Kicauan burung memecah keheningan malam ketika sampai di tempat tujuan, perasaan seolah ditakutkan oleh suasana gelap yang menyelimuti desa itu, tampak seorang lelaki setenga baya menyapa kami dengan senyum dan ramah. Perasaan takut pun mulai legah ketika melihat sesosok laki-laki paru baya, dia itu adalah Pak Abbas yang dari tadi menunggu dengan sabar kedatangan kami.

Sebuah permadani pun disodorkan sebagai ungkapan untuk mensyukuri nikmat Tuhan. Beberapa orang kelihatan mulai bergegas seraya menuju ke dapur untuk mengambil air wudhu. Ketika selesai shalat, rombongan mulai membaur dengan beberapa warga yang penasaran dengan kedatangan kami, yang katanya mahasiswa, peduli dengan masyarakat. Mereka sangat senang karena sebelumnya berapa orang juga pernah menginjakan kaki di tempat itu.
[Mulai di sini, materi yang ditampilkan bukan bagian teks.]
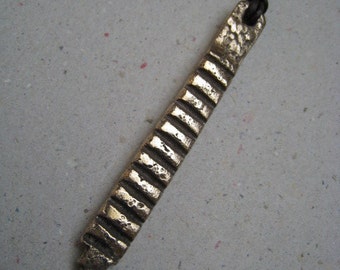 May include: A gold-toned pendant necklace with a long, rectangular pendant featuring a textured, grooved design. The pendant is attached to a black leather cord.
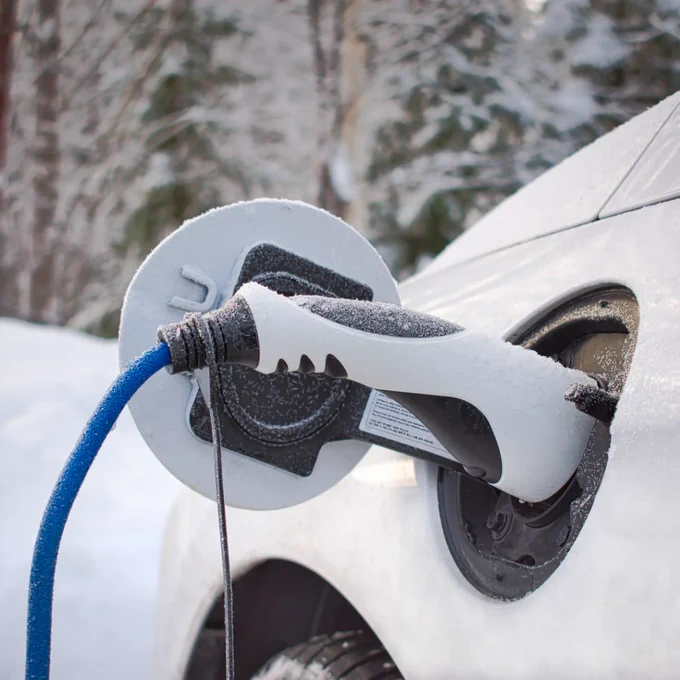 EV charger plugged into a white car outside in the snow.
Pak Abbas mulai memperkenalkan dirinya dan beberapa warga lainya, dia sepertinya seorang yang dikagumi oleh banyak orang, tutur kata dan bahasanya seolah pakar ahli yang memimpin sidang. Meski ia tidak pernah menempuh pendidikan selayaknya seorang akedemisi. Guru yang paling baik adalah pengalaman, itulah kata-kata yang pantas untuk pak Abbas. Belajar dari pengalaman itulah membuat sosok paru baya itu berubah menjadi sosok yang memiliki pengetahuan yang luas.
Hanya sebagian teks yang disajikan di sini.